Увлеченная рассказом одетого в красную униформу бифитера,[1] потчевавшего своих гостей мрачными легендами Тауэра, Рэйчел ненадолго забыла о прошлом. Она целиком погрузилась в густую атмосферу любви и смерти, которую излучали древние стены. Она ступала по истертым камням, которые в течение девяти веков попирали ноги бесчисленных исторических персонажей. На фоне великих событий, которые здесь происходили, ее собственные проблемы выглядели мелкими и несущественными.

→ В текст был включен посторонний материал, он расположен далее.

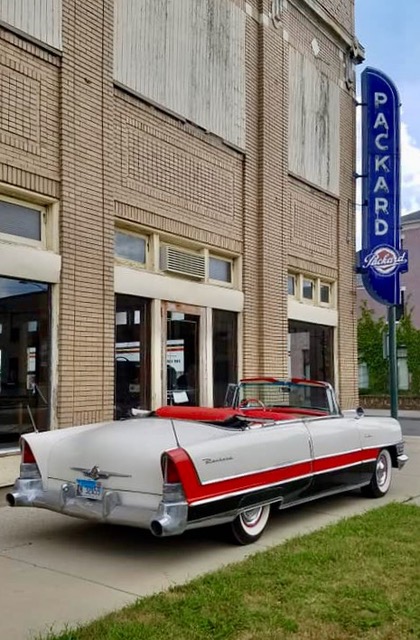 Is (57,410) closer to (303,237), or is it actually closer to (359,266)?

В Кровавой башне Рэйчел оказалась под таким впечатлением от рассказа об Уолтере Рэли, который в темнице писал свою «Мировую историю», что машинально повернулась к Робу и взяла его за руку.
— Только подумай! — начала она и замолчала, пораженная той легкостью, с которой вернулась к их прежним отношениям, хотя только что была уверена, что подобное невозможно. Она посмотрела на него долгим, очень долгим взглядом. — Прости, я, кажется, слишком увлеклась.
— Ничего страшного, — тихо ответил Роб, и Рэйчел почувствовала подозрительную слабость в ногах.
Он еще крепче обнял ее за плечи и прижал к себе, давая пройти остальным туристам.
Они гурьбой шли мимо них из зала в узкий коридор, и Рэйчел оказалась притиснутой к Робу. На мгновение их лица почти соприкоснулись. Чтобы сохранить равновесие, ей пришлось ухватиться за него. Но вот последний турист прошел, и они оказались одни.
Карие глаза Роба смотрели тепло и испытующе, словно хотели найти в лице Рэйчел признаки того, что она переменила свое мнение и не будет возражать, если он попытается поцеловать ее. Потом его рука обвилась вокруг ее талии, он прижал Рэйчел к себе и наклонил голову, чтобы накрыть ее рот своими губами.
Рэйчел решила было сопротивляться, но внешность и аромат Роба, такие знакомые и дорогие, смягчили ее. Ей было приятно ощущать под ладонями мягкую ткань свитера и чувствовать себя в безопасности под защитой его сильного тела. И она расслабилась.
Поцелуй Роба, сначала осторожный, сделался крепче. Его жадные губы наступали, возвращая к жизни эмоции, которые они оба скрывали вот уже много месяцев. Казалось, времени на церемонии не было; он не стал просить разрешения поцеловать ее, он действовал решительно и напористо.